Running Fedora Linux 37 Workstation beta on two older Apple machines for a few weeks now. Just ran dnf upgrade --refresh on both machines at the same time on the same internet connection and one offers a list of Kernel (5.19.15) and Systemd (251.6-609) updates where as the other machine reports absolutely “Nothing to do”. Until running that command both machines were equal in packages and software.
It might have been updated already? You can run uname -r to see what kernel version is currently running. You can also look at the dnf history.
See a list of all DNF Transactions:
dnf history
The “Altered” column on the right tells you how many packages were modified. The “Action(s)” column tells you what was done. Using the “ID” from the left column you can get detailed info:
@Alys, Thank you for your answer, just checked, they are both at 5.19.14, one offers the update to 5.19.15, the other has “Nothing to do.”, it actually says so in the Terminal.

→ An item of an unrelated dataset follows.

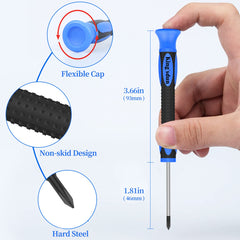 Magnetic screwdriver set with rotating caps and precision tips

So DNF when connecting to the repo actually goes to a link that directs the client to the fastest mirror. It’s possible that the second machine is checking with a repo that hasn’t sync’d to the latest packages for the 37 Beta. What you can try would be removing the DNF cache rm -rf /var/cache/dnf/ then trying the upgrade again. Deleting this directory is safe and also a common practice. Then you run DNF it rebuilds the directory and cache if it’s not there.
I tried again 36 minutes later and now the 5.19.15 update is available on both machines, without having done anything to the DNF cache or similar. Would you suggest removing the fastestmirror=True option from the /etc/dnf/dnf.conf file to get them all looking at updates equally…?

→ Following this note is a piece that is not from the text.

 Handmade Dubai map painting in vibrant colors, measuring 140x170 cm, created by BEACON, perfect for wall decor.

The baseurl is commented out, but if you wanted them looking at a specific mirror, you would put it here. The metalink line tells DNF “Look here and it will redirect you to a mirror”, so the mirror you are using can change regularly.
Not quite. Using dnf makecache will refresh the metadata but not if your existing cache hasn’t expired. Deleting the cache directory will force it to download the latest metadata.

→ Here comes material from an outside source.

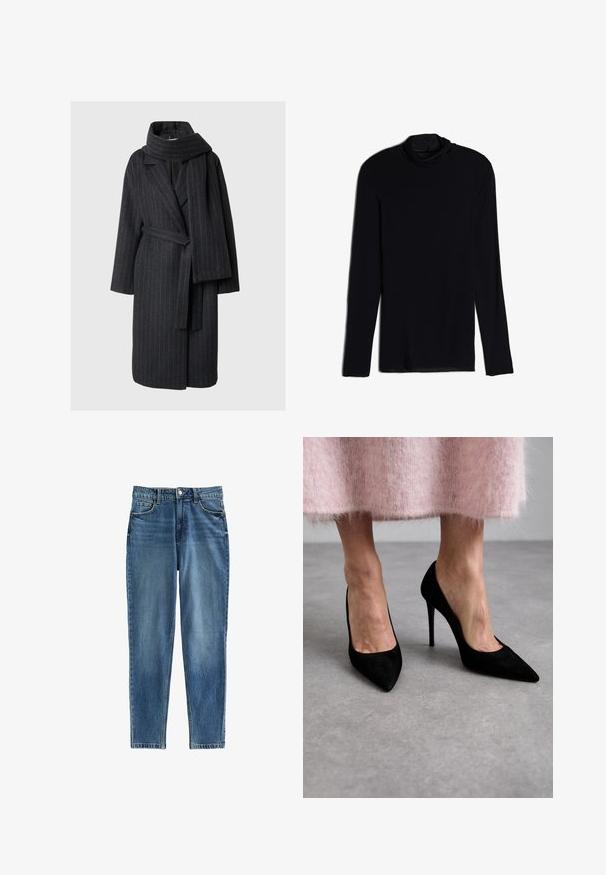 Manteau en mélange de laine gris foncé à rayures fines, caractérisé par un col cranté, des manches longues et une écharpe assortie. Taille ceinturée, design jusqu'au genou.; Haut noir à manches longues avec col drapé, fabriqué à partir d'un tissu doux et lisse ; design ajusté avec ourlet droit et sans coutures visibles.; Jeans en denim bleu avec une coupe droite, dotés d'une taille haute, de cinq poches et de zones légèrement décolorées pour la texture. Fermeture à bouton métallique.; Talons hauts en daim noir avec des pointes et des talons aiguilles. Portés avec une jupe en peluche rose, l'accent est mis sur le design et la texture des chaussures.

This is rather extreme, though as noted usually safe.
The simpler and IMHO better way would be to use dnf clean all which for all intents and purposes does the same job without manually remembering and entering the paths. It removes all previously downloaded data, including the metadata cache, so the next time dnf is run it starts from scratch. dnf clean metadata does the same but for the cache metadata only.
IMHO, this need to be clarify, giving more clarity to this:
as @computersavvy opinion delete in this way is a very intrusive performing…
Clearing the DNF Caches
It is often useful to remove entries accumulated in the /var/cache/dnf/ directory. If you remove a package from the cache, you do not affect the copy of the software installed on your system. To remove all entries for currently enabled repositories from the cache, and force to the next dnf command to refresh the metadata.
sudo dnf clean all
Note: cleaning, the hard works is doing in the next dnf command.
Other ways
This is useful if you want to make sure that the cache is fully up to date with all metadata, and regenerate the cache.
in other words, Is used to download and make usable all the metadata for the currently enabled dnf repos
sudo dnf makecache
it’s a kind of force telling dnf… hey I would like to refresh my cache now… not affecting the next dnf command.
Note: forcing, the hard works is doing here and not in the next dnf command.